In the religious mindset of the sixteenth-, seventeenth- and eighteenth-century West it was generally accepted that God addressed people directly by means of thunder and lightning. These were empyrean signs, usually betokening divine wrath and the coming Day of Judgement. Until the mid-eighteenth century, many, both Protestant and Catholic, regarded that as self-evident. Preaching was therefore intended to evoke penitence and repentance. In the second half of the eighteenth century, however, the newly-invented lightning rod deprived God of his supposed instrument of punishment and thus the nature of man's relationship with him was changed. Fatalism, though still endorsed by many, was gradually replaced by personal responsibility, which enabled man to utilise the rational preventive device that God had placed in his hands. Nature no longer posed a threat but was the result of God's marvellous work of creation, and could be understood through reason and increasingly also through feeling. God, man, and nature all worked in unison. So-called physico-theology stressed the goodness, wisdom, and omnipotence of the Creator evinced in the impressive natural phenomenon of the thunderstorm.
God's Wrath
In practically every cultural tradition, thunder and lightning are regarded not as mere natural phenomena but as direct manifestations of higher powers. In the Andaman archipelago, thunder is the voice of the pre-eminent deity. In Mesoamerica lightning has powerful associations with primary deities; in Mongolia it represents the displeasure of the creator of balance in the world.
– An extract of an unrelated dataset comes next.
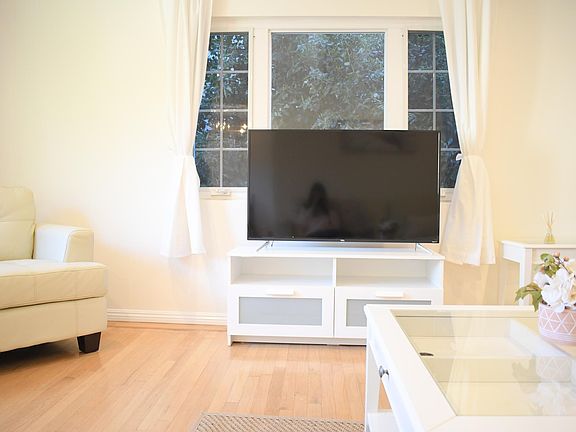 4th image of 1837 Glendon Ave APT 5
From the Baltic to Bolivia, Iceland to India, Jamaica to Japan, thunderstorms are interpreted as signs from the Demiurge. Up to a point, there is a parallel with the monotheistic Judeo-Christian tradition, which conceives of Yahweh as an invisible supreme being whose speech emanates from the storm.
That God addresses people directly in thunder and lightning was also a generally accepted idea in the religious mentality of the sixteenth-, seventeenth- and eighteenth- century West. “During the Baroque era thunderstorms were simply considered the appropriate language of the Godhead,” as German historian Christian Begemann pointed out some decades ago.